LANSING – The Michigan Petroleum Association/Michigan Association of Convenience Stores is calling on the Legislature not to pass a series of bills backed by road building and various business groups that they say would mean Michigan drivers would pay the highest fuel taxes in the country.

Should HB 4575 , HB 4577 , HB 6749 , HB 6750 and HB 6752 become law, motorists could pay an additional $1.5 billion for gasoline and diesel fuel, Mark Griffin, president of the association, said in a memo sent to all members of the Legislature.

In addition, Griffin said the idea of basing fuel taxes on the wholesale cost of gasoline and diesel fuel, instead the retail price as currently done, will create a system “so complex and cumbersome, no one who will have to implement it or use can explain it without charts, graphs, pictures and maybe divine intervention.”
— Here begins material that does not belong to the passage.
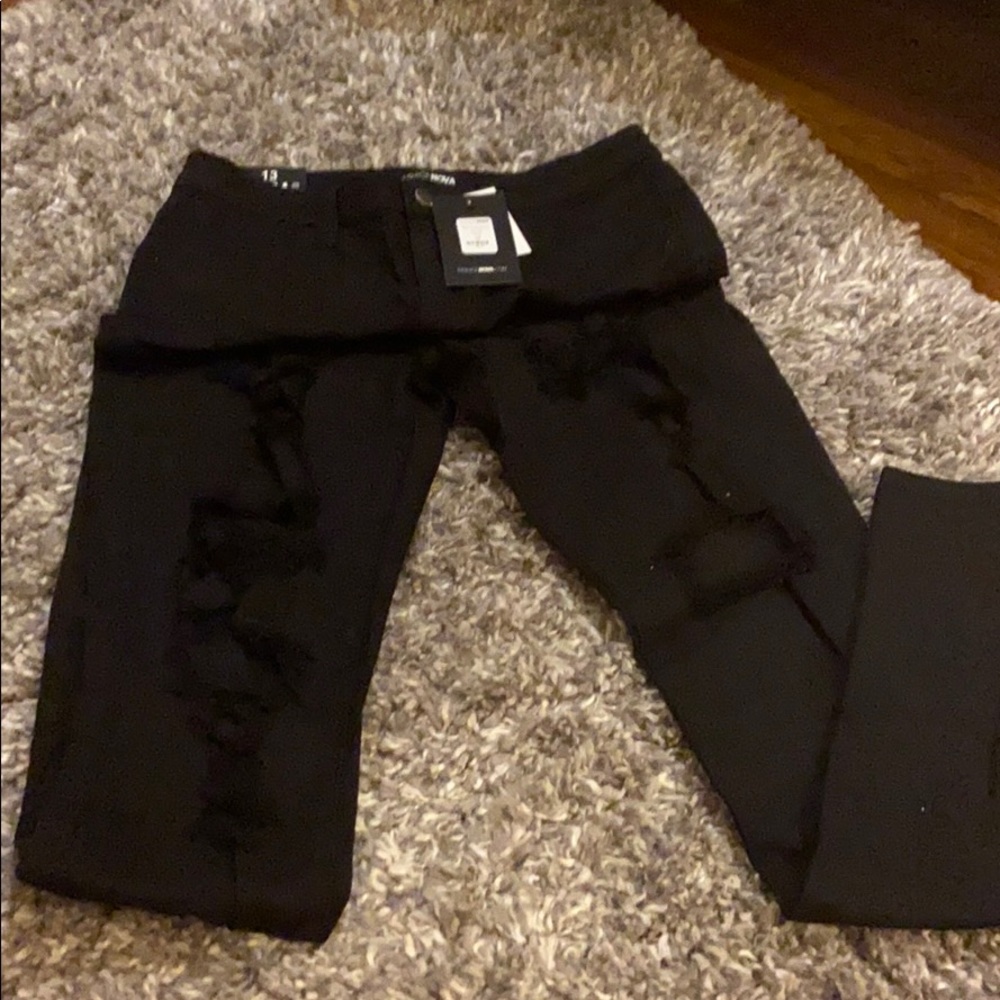 Black Distressed Jeans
The bills passed the House last week as shell measures in hopes that some agreement could be reached on making changes to the transportation funding system in hopes of adding more money for road repairs, public transit and other systems.
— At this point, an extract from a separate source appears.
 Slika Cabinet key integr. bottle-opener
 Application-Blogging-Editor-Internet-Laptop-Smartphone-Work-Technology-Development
The House acted after a special committee that included legislators and the public issued recommendations last month that the state needed more funding for transportation purposes.

But in the memo Griffin said there are other options to road funding than fuel taxes.

“We agree that solutions to solving Michigan’s road funding problems are needed. However we object to making gasoline and diesel fuel more expensive and more complex to collect,” he said.

Among the other options he suggested was eliminating gasoline and diesel taxes altogether and increasing the state sales tax with the increase dedicated to roads.

Simply increasing fuel taxes by whatever means will hurt gas station owners and fuel wholesalers, Griffin said. “We hope you realize Michigan’s economy is in much worse shape than its roads,” he wrote.